◆ YOUR OBJECTIVE
The material below contains a line with "Piston cylinder segments" and a line with "Volvo XC90 из Кореи Encar". Copy exactly those two lines and all lines between them.

◆ SUPPLIED MATERIAL

——————

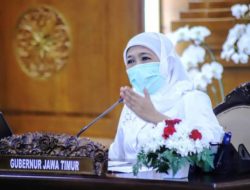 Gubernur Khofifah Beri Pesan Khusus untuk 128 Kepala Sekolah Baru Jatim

——————

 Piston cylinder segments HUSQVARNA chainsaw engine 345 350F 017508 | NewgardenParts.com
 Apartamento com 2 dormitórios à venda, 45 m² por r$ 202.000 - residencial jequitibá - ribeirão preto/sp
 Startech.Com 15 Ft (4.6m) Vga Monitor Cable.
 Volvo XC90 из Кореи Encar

——————

◆ ANSWER BOX
 Piston cylinder segments HUSQVARNA chainsaw engine 345 350F 017508 | NewgardenParts.com
 Apartamento com 2 dormitórios à venda, 45 m² por r$ 202.000 - residencial jequitibá - ribeirão preto/sp
 Startech.Com 15 Ft (4.6m) Vga Monitor Cable.
 Volvo XC90 из Кореи Encar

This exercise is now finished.